Exxon CEO Rex Tillerson, doing his job to keep up appearances of a rosy future for his company, noted that the definition of unconventional oil is subjective, and insisted that just 10 percent of its future projects will tap unconventional sources. Unconventional oil and gas that is difficult to access is more expensive to extract and process, meaning higher costs for oil companies that would likely lead to lower profit margins and/or higher consumer prices that could cut into future demand. Even Tillerson acknowledged that increased reliance on unconventional sources is the inescapable future of the industry, and offered his company a pat on the back for preparing for that future: “We anticipate it will grow in the future, and we hope it will grow with the positions we’ve taken,” he said.

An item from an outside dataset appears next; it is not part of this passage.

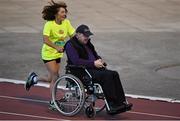 18 August 2015; Mary B. Jennings pushes Ray McBride for the last lap as Frank Greally, who set a record for the 10,000M 45 years ago on this day, runs around Morton Stadium for 30.17 - the record time set on the night. Frank Greally's Gratitude Run. Morton Stadium, Dublin Picture credit: Ray McManus / SPORTSFILE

There are some bright spots in the future of conventional oil, most notably expectations of prolific conventional oil production in Iraq as the nation becomes more stable. However, the quantity of conventional oil expected to come from these bright spots will not be abundant enough to offset the depletion of other conventional supplies.
Although oil executives like Tillerson would probably deny it, the industry’s shift toward unconventional sources will, sooner or later, bring higher prices for consumer goods like heating oil, gasoline, and natural gas. For economist Jeff Rubin, the shift toward unconventional energy sources is the most important factor in his extreme vision of $225-per-barrel crude oil in two years and a subsequent demise of the global economy.
While an economic downturn, booming economies in the developing world, and a host of other factors have sent oil prices on a wild rollercoaster ride over the last couple years, the future is clear: the prices of oil and natural gas will continue to increase—the only question is how much and how fast. One cannot escape the simple logic that a product that is more expensive to produce is more expensive to buy.